The same goes for the dreaded associate attrition trend, about which people continue to fixate. Most associates leave their law firms by the end of five years! Why, yes, they do. If they didn’t, you’d have quite a problem come partnership time, wouldn’t you? A group of lawyers from Stikeman Elliott made this and other good points at a presentation during the NALP meeting last week — firms need associate attrition. Not all your early hires are going to work out — people change, especially during their 20s and early 30s when you first hired them.

The amount of money firms spend on young talent, and their evident disinterest in taking serious action to staunch associate outflow, just confirms to me that talent has been almost a discretionary spend for law firms up until now. Young lawyers would need to cost a lot more than they currently do before partners really started feeling the pinch, and in no way would that cost threaten the overall financial viability of the enterprise. And considering how little rigour is brought to the new lawyer recruiting process generally, it’s no wonder there are so many more misses than hits over the first several years.

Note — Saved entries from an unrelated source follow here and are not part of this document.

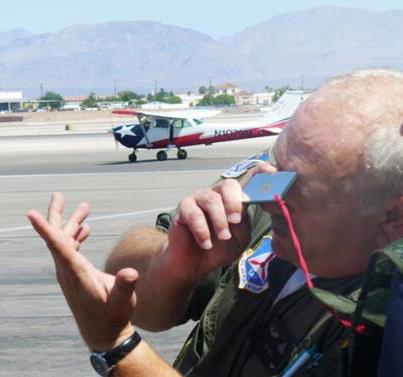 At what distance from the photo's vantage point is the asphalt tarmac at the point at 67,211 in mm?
7492

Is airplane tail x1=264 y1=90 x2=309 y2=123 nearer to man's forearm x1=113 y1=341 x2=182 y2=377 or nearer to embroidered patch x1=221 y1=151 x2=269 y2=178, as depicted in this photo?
embroidered patch x1=221 y1=151 x2=269 y2=178

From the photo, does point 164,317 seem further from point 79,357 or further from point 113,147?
point 113,147

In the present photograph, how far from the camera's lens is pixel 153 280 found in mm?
2799

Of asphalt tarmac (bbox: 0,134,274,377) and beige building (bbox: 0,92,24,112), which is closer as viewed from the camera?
asphalt tarmac (bbox: 0,134,274,377)

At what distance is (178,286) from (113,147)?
4379 cm

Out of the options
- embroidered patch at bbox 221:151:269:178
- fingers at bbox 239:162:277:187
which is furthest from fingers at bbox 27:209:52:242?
embroidered patch at bbox 221:151:269:178

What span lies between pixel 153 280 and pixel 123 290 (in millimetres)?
638

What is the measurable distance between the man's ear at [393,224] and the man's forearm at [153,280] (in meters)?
0.62

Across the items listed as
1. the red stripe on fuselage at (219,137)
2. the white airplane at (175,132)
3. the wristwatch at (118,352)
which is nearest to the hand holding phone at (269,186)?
the wristwatch at (118,352)

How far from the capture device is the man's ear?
227 cm

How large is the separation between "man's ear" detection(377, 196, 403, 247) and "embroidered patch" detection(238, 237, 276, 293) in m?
0.42

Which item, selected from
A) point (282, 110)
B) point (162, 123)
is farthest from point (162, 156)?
point (282, 110)

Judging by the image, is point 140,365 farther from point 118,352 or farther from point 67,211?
point 67,211

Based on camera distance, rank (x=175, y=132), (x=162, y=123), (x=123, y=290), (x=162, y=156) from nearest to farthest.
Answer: (x=123, y=290)
(x=162, y=156)
(x=175, y=132)
(x=162, y=123) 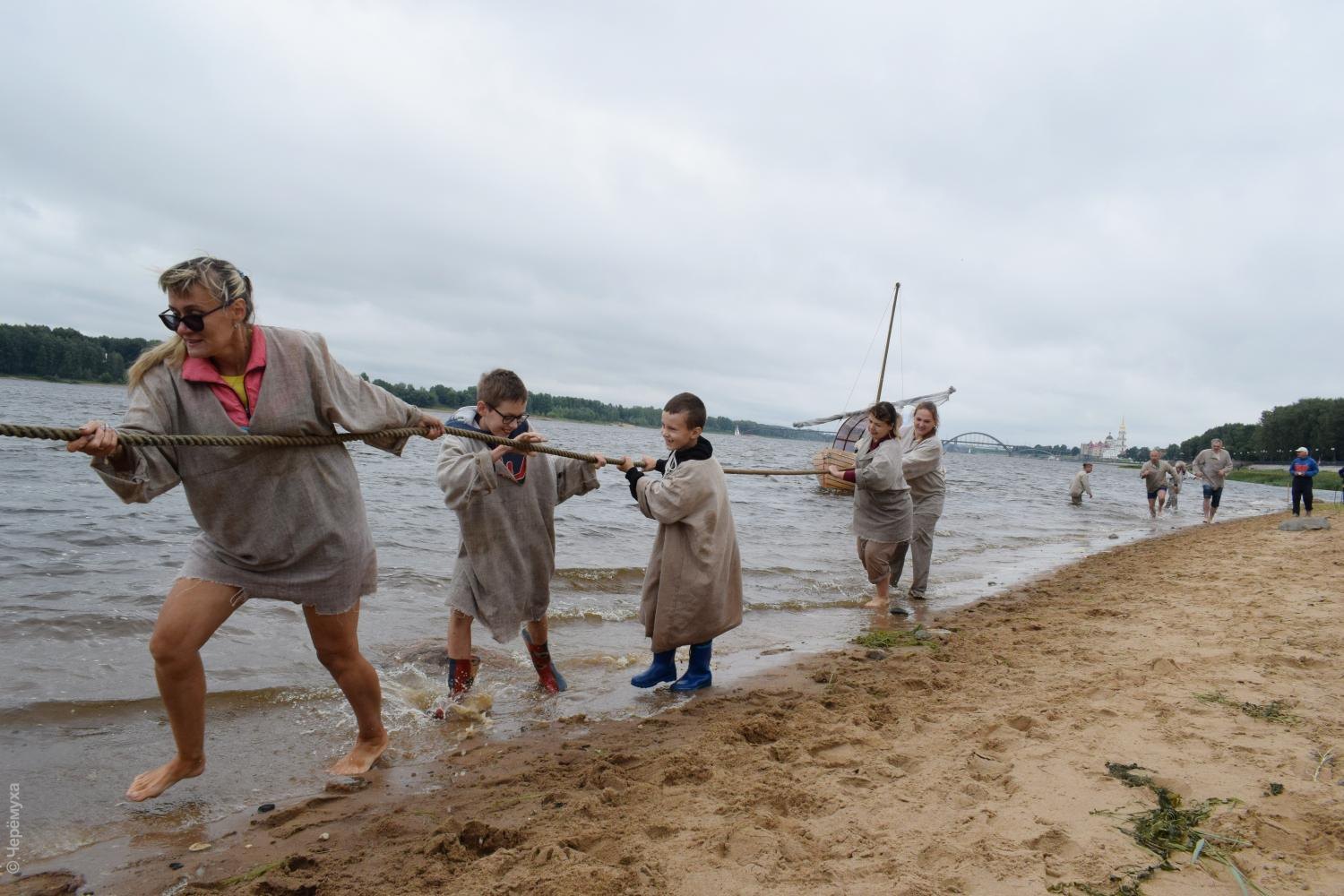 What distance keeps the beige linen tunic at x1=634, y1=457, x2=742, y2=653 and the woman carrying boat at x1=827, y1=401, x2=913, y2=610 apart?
2.75 metres

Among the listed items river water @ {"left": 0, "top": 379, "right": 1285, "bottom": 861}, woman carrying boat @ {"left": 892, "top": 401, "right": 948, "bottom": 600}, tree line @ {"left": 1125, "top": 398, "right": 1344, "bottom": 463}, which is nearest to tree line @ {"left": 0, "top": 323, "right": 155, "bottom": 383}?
river water @ {"left": 0, "top": 379, "right": 1285, "bottom": 861}

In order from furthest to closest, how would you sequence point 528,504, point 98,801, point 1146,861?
point 528,504 → point 98,801 → point 1146,861

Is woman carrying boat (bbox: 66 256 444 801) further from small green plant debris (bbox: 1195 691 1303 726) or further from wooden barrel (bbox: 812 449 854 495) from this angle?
wooden barrel (bbox: 812 449 854 495)

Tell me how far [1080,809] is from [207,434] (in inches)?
133

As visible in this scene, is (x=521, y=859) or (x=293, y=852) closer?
(x=521, y=859)

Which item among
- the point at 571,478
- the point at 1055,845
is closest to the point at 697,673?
the point at 571,478

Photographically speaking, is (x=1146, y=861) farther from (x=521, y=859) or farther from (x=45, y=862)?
(x=45, y=862)

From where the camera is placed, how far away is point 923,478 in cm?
781

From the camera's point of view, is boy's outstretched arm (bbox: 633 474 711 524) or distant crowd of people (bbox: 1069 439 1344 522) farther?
distant crowd of people (bbox: 1069 439 1344 522)

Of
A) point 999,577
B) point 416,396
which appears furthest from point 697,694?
point 416,396

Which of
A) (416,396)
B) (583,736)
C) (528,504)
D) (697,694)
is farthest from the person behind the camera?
(416,396)

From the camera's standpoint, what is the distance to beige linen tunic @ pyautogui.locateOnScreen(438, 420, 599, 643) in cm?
410

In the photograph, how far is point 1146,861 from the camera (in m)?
2.17

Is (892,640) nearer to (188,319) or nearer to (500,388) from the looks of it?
(500,388) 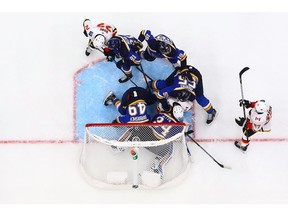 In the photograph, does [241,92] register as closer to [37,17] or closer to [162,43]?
[162,43]

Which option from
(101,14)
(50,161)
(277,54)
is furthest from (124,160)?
(277,54)

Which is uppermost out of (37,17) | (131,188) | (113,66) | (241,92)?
(37,17)

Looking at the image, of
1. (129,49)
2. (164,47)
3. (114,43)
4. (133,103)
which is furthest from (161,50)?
(133,103)

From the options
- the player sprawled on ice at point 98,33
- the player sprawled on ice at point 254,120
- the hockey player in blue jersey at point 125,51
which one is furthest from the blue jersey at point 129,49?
the player sprawled on ice at point 254,120

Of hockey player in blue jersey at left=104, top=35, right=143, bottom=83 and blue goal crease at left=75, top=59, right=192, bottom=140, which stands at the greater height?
hockey player in blue jersey at left=104, top=35, right=143, bottom=83

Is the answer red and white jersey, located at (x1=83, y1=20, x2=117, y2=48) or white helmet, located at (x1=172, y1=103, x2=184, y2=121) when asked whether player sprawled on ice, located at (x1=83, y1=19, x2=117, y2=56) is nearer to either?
red and white jersey, located at (x1=83, y1=20, x2=117, y2=48)

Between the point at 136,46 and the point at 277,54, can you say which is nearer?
the point at 136,46

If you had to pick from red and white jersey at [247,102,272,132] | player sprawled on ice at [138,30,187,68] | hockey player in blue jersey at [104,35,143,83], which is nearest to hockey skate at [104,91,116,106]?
hockey player in blue jersey at [104,35,143,83] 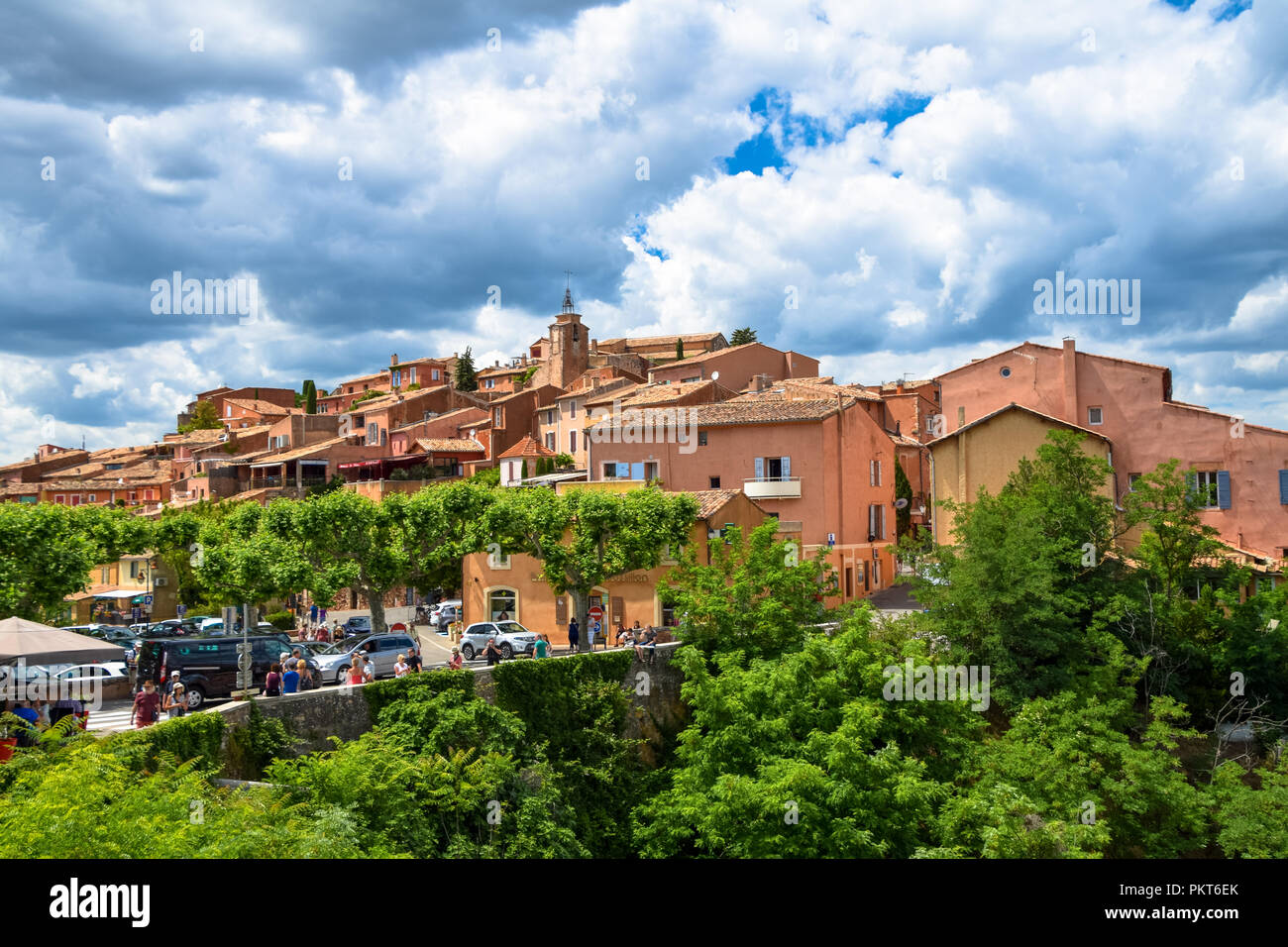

Two things are going to happen to change this. The first is that talent will become scarce, and good talent even more so, driving its real costs through the roof and making its departure much harder to bear. This, in turn, is going to force firms to pay much more attention to the new lawyer intake process and give much closer scrutiny to exactly who leaves. As the traditional pyramid structure of heavily leveraged associate starts crumbling, firms will hire fewer new lawyers, but they’ll need to keep them longer.

And firms will realize that the most important thing about associate attrition is not how many young lawyers leave, but whether the wrong ones are going.

What are you afraid of?

I spent several hours, Sunday before last, co-presenting a media training session for a group of in-house counsel. Among the many standard warnings we give to lawyers in these sessions is to proceed with caution around reporters, reminding trainees of the two ineluctable rules of the media:

1. Journalists are not your friends.

2. Nothing is ever off the record.

Now, that does tend to exaggerate the point for effect, and we did talk about the importance and benefits of developing a solid relationship of trust with selected reporters. But overall, we went heavier on the stick than the carrot. It’s better that lawyers be overcautious than undercautious when the microphone is live.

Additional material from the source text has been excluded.